Our main efforts to provide income, though, are focused on the creation of industries. A few years ago, we acquired two old fishing boats. Over time, we restored them, trained ourselves in seamanship and commercial fishing, and set out onto the ocean. Today, this operation provides a large part of our cash flow.

The people of our satellite commune in Paso Robles have not yet been able to develop our planned agricultural enterprise because of a lack of starting capital. However, they have acquired a reputation among local ranchers and farmers as quality workers.

After a year's stay, a person may apply for permanent membership in Roandoak of God. In order to be admitted, an individual must read the entire Bible, memorize Acts, chapter 2, be voted on by the entire permanent membership and receive final approval by the pastor. These members give all they have to the welfare of the commune and become "part owners," in a sense, of the entire Roandoak of God operation. Their votes help guide and determine the future of our work. This contract may be nullified either by the person or — in the case of continual bad behavior — by a two-thirds vote of the entire permanent membership. Elders, who are usually those who've been commune members for at least five years (currently they number 15), form the basic governing body of the commune, with the pastor retaining veto and emergency-response power.

The people who have stayed on for years are a very close-knit group. Like one big, evergrowing family, we have our trials and difficulties. Certainly, in a commune, nobody can hide his or her faults. But as we struggle with our own imperfections, we gain more understanding of each other.
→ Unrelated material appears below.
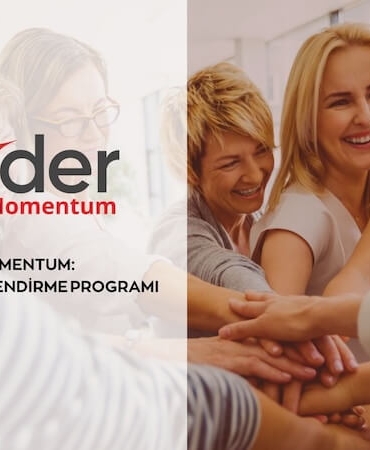 KAGİDER Momentum Programı Kadın Girişimcilerin Gücüne Güç Katıyor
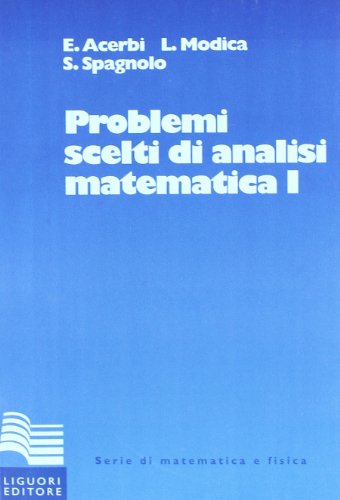 Problemi scelti di analisi matematica: 1 libro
Generally, despite the lack of money, we're a very useful, happy, colorful, capable and talented community. I've never regretted making my own commitment to stay 7 ½ years ago.

And you, though you may not be homeless or troubled, are welcome to come and see this wonderful place for yourself. We may not have the fanciest furniture, and we may serve you rice and beans, but we trust that you'll also receive the love and understanding that seem to abound in our midst. These are the "products" that we really specialize in. They're what Roandoak of God is all about.